Recensione - New Tales from the Borderlands
Il Gioco
Trovo che New Tales from the Borderlands sia un titolo decisamente azzeccato. Giusto che non sia un Tales From The Borderlands 2, perché le due vicende non sono tra di loro collegate (beh, oddio...) ed il cast dei protagonisti è totalmente diverso: insomma, non è un sequel. Ma al tempo stesso la fedeltà al primo Tales From The Borderlands è palese: nelle scelte stilistiche come in quelle di game design, Gearbox ha scelto di muoversi in fortissima continuità con l’illustre predecessore ed è pertanto giusto che questo secondo episodio ne riproponga con orgoglio (e contando su un sicuro “effetto nostalgia”) il nome. Iniziamo allora col dire in cosa consiste il gioco, per quelli (pochi, si presume) che non avessero familiarità con il catalogo Telltale. Si tratta di un'avventura cinematografica in cui il giocatore segue le vicenda non diversamente da come potrebbe fare con un film, salvo essere chiamato ad intervenire per determinare in quale direzione la trama debba muoversi: che si tratti di scegliere quale risposta dare a una domanda o decidere una tra varie azioni possibili, o superare o meno uno dei famigerati QTE ("Quick Time Events", momenti in cui il gioco, per dare la sensazione della concitazione di una scena, ci chiede di premere una sequenza di tasti col giusto tempismo), ogni nostro input ha delle conseguenze che fanno avanzare il gioco lungo un percorso diverso. Ne consegue che non c'è quasi mai un unico finale predeterminato e che comunque non c'è un solo modo per giungervi… tutto dipende dalle nostre scelte.
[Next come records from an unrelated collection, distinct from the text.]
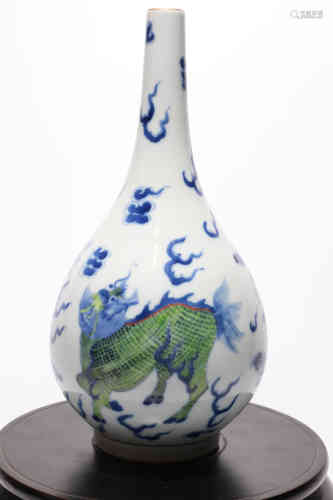 A Chinese Blue and White Porclain Vase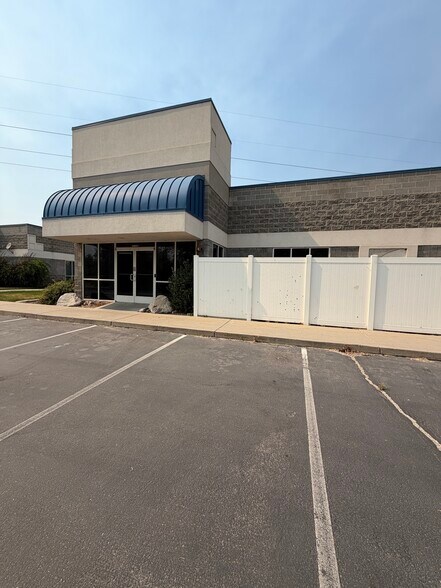691 W 1200 N, Springville, UT à louer - Photo de l’immeuble – Image 2 sur 15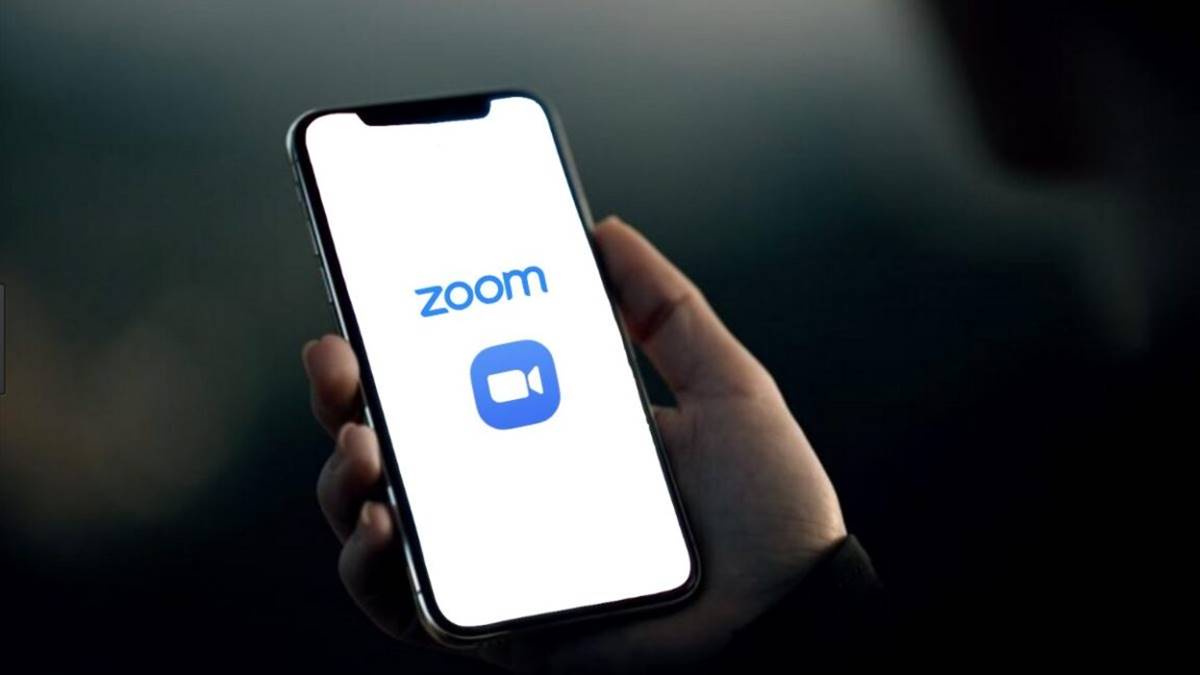 How To Use Zoom On An IPhone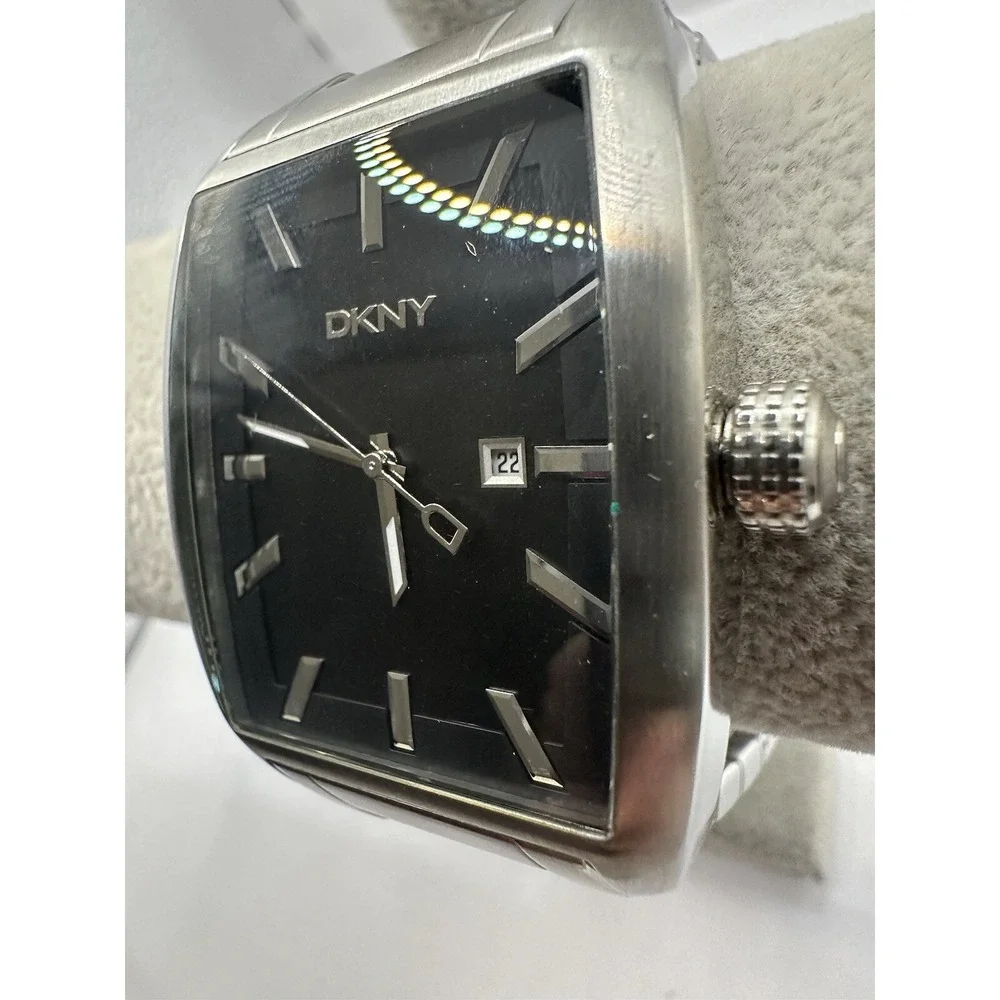 Dkny it has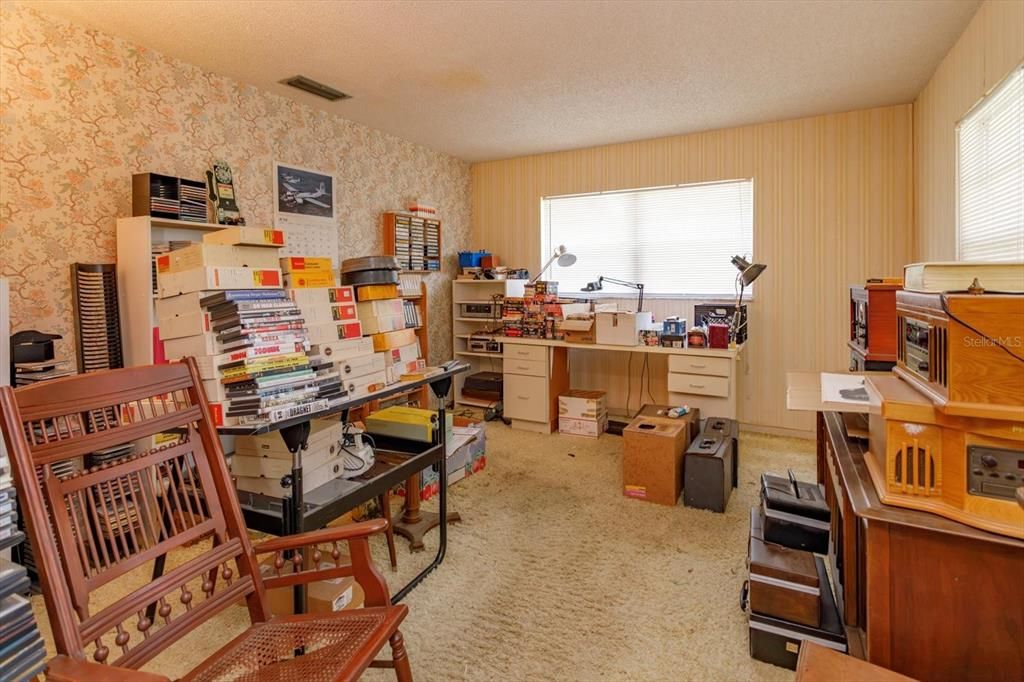 На продажу: $435,000 (4 спален, 2 ванн, 1720 Квадратных фут)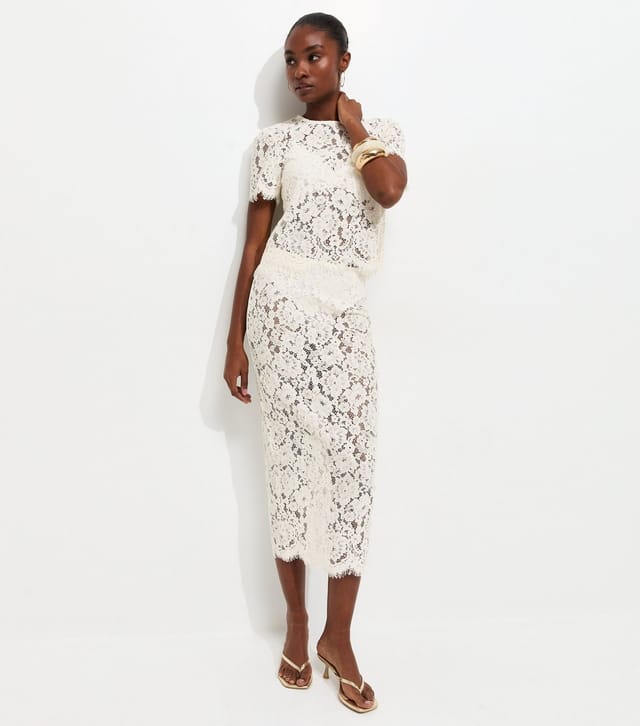 New Look Women's Off White Scalloped Lace Short Sleeve Top New Look - 3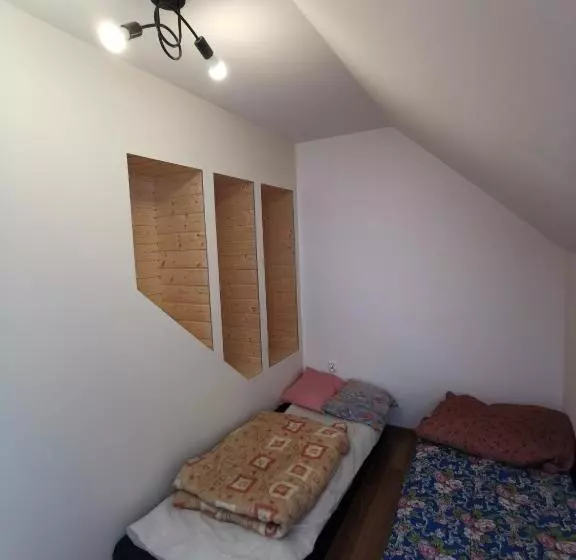 Schronisko Młodzieżowe W Jabłonkach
MX Video - New Tales from the Borderlands
Questa è la formula portata al successo da Telltale Games nello scorso decennio con numerosi titoli e a cui questo New Tales from the Borderlands si mostra del tutto fedele. Fedeltà che si ritrova anche nella suddivisione in episodi della trama (ne abbiamo cinque, ciascuno articolato in vari capitoli), anche se a differenza di quanto accadde a suo tempo, queste nuove Tales sono pubblicate fin da subito nella loro interezza, con tutti gli episodi disponibili e addirittura giocabili senza aver completato quelli precedenti: in tal caso il gioco applica in automatico delle scelte per consentirci di iniziare direttamente dal punto desiderato. Per quanto riguarda invece quanto già giocato, in ogni momento è possibile selezionare un determinato episodio/capitolo per poterlo rigiocare. Così facendo inevitabilmente viene azzerato il progresso già conseguito a partire dal punto selezionato, ma si può approfittare della comoda funzione di copia del salvataggio: abbiamo a disposizione 4 slot di salvataggio e possiamo quindi mantenerne uno come “master”, da duplicare di volta in volta per sperimentare gli effetti di una diversa decisione compiuta in un determinato frangente.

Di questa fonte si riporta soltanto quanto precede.